双方僵持不下的时候,军机处电令两江总督兼南洋大臣周馥来电:“上海为通商口岸,关系紧要,竟出此等重案,该地方官等所司何事。著两江总督、江苏巡抚迅速缉拿此次滋事首要各犯,讯究惩办,并将疏防之地方文武各官分别奏参。著周馥即日前往上海确切查明情形,妥筹办理,并一体严切晓谕,以靖地方”

周馥

周馥抵达上海后,同样亲自面见官绅士商进行安抚绅商,并派员慰问各国领事。之后各国领事与周馥会面时态度都较为平和,只有英方依旧强硬,声称错误不全在德为门,依旧不同意撤销他的职务。

考虑到“公堂停讯已经旬日待审华人久羁押所,亦良不忍。况德美并无违章之事,本可陪审,前只以不惩西捕不能听捕房解案,致一并停审”。周馥决定“先开公堂,以安中外”。于是耽搁许久的案件于12月23日恢复审案。

无论是公堂案还是后续引发的流血事件,实际上都是源于德为门和工部局的故意挑衅,况且在此案和流血事件中,受害者都是中国华民,所以即便不谈前因只谈赔偿,也应该是英方赔偿中方。

但是英方仗势欺人,即便不占理,也死咬着赔偿不松口,不仅不赔偿,还以老闸捕房遭到焚毁,多家英商遭到袭击为由,向清政府索赔8万两白银的巨额赔偿,袁树勋断然拒绝。周馥称:“租界系归工部局保护,平时官兵不能入界,事起时,官董极力弹压,始即解散。华官既无保护之实权,无应赔之理”。也拒绝了这一赔偿要求,而英方则一味胡搅蛮缠,大有不拿到钱誓不罢休之意。

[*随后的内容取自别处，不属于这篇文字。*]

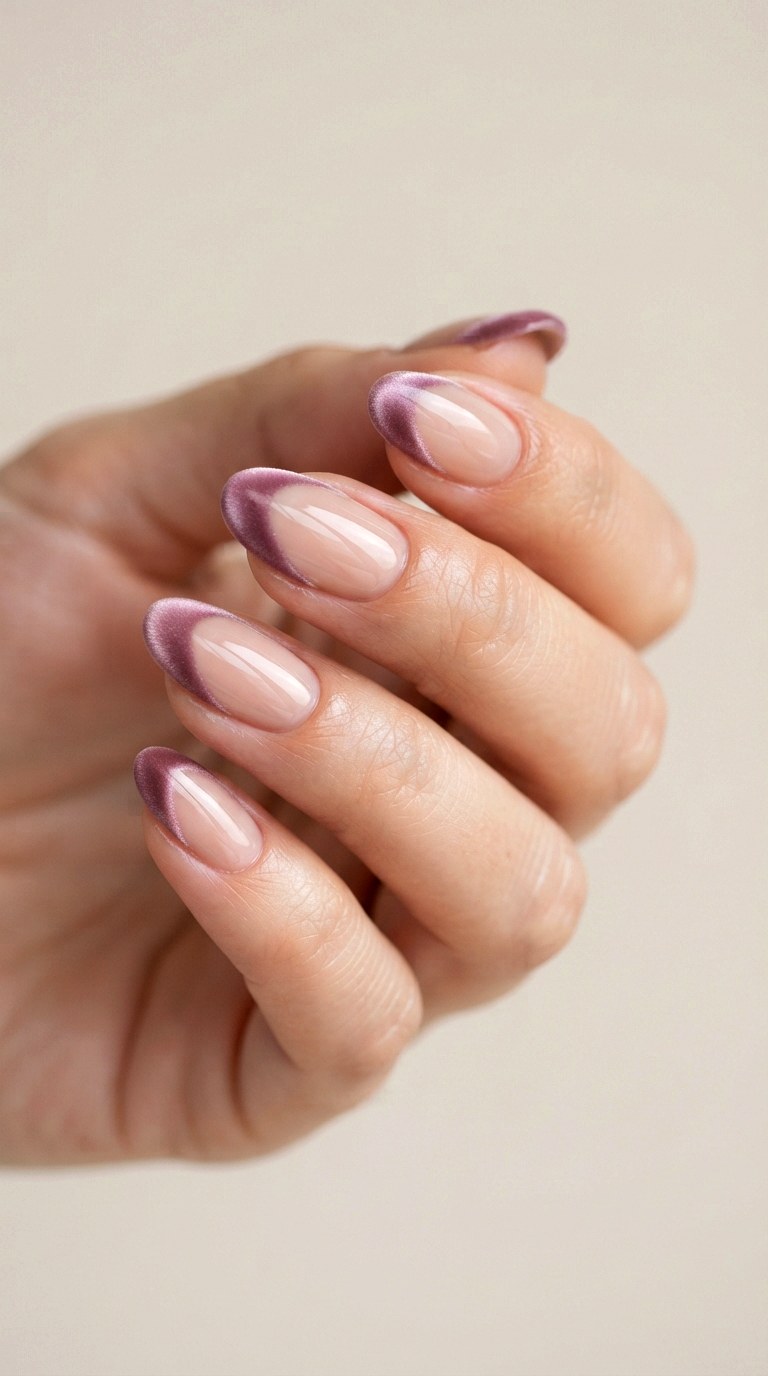 Soft Velvet Mauve French Manicure - 21 cute french tip nail art ideas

周馥不是奴颜媚骨之人,但对于英方的军队十分忌惮,固而十分忧虑,致电外务部:“若议赔偿,则上海商学两界风潮必起......宁可英人责我顽固,谴我坚执,断不能任其所请,轻许赔偿,以至下拂民情,上失国体”。

之后袁树勋被调离上海,瑞澄继任协助周馥处理该案交涉。清政府最初坚决拒绝赔偿,但不少人担心英方“嗣后该局视租界为自治之地,权势更大”。出于这样的考虑,周馥希望早日结案,还把交涉地点换到了北京,但并未取得成功。

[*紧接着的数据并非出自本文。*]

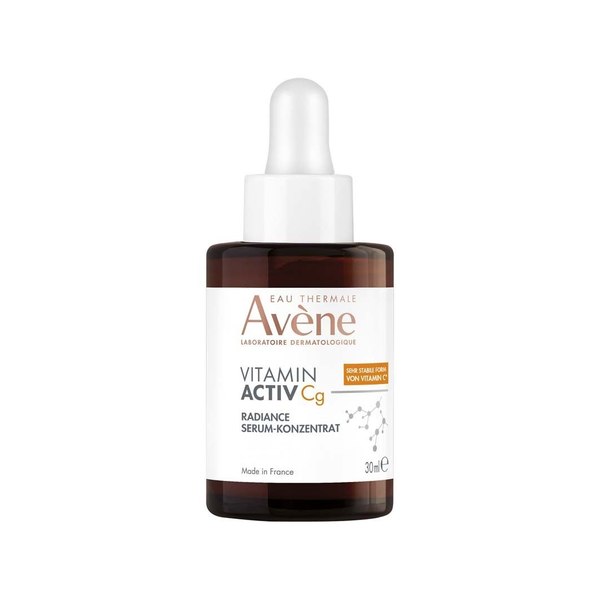 Braunes Fläschchen mit Pipette, Avène Vitamin Activ Cg Radiance Serum, 30 ml, mit weißen und orangefarbenen Details.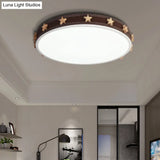 Stargazing In Style: Brown Rubber Round Flush Mount Lighting With Star Accents Led Ceiling Light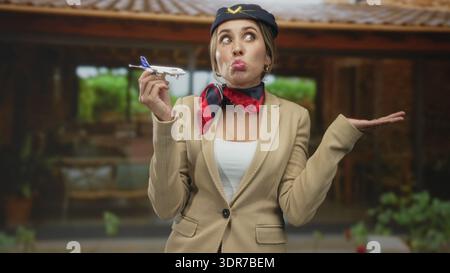 L'assistente di volo con blazer beige, berretto blu marino e sciarpa rossa tiene un aereo giocattolo, puckers labbra e arbusti con le mani sollevate accanto all'edificio, suggerendo p Foto Stock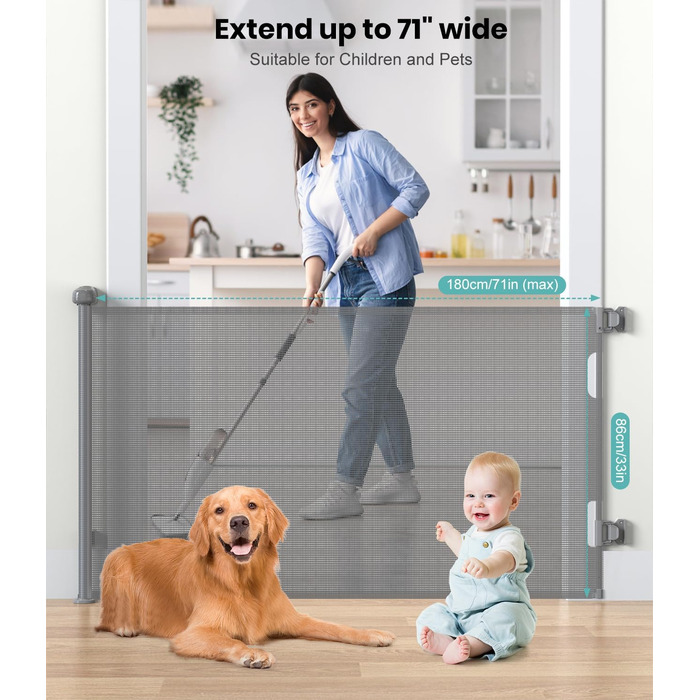 Захист для дитячих воріт Nalezuns, висувний, 0-180 см, сірий, для дітей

1906年5月双方又在上海进行了一次交涉,周馥请求外务部“嘱英使转告沪领与工局董事等持平办理,勿与罗道、瑞道等为难。不必多烦口舌,免致中外报纸又生议论,总以和平办法,永保平安为要”。瑞澄也是坚定的反对赔偿派,他觉得如果这次认了赔偿,那么之后各国就会效仿英方的做法,肆意挑战中国司法,欺凌中国百姓,周馥觉得瑞澄的建议有理,只嘱咐他按照这样的原则尽快了结此事。

但后来英国领事来南京的时候,却没有主动提及公堂案,周馥认为“若遽提议,反启要挟,不如待其催问再相机应付。否则,始为延宕,亦胜与商民愤激,别滋事端”。于是,交涉又搁置下来。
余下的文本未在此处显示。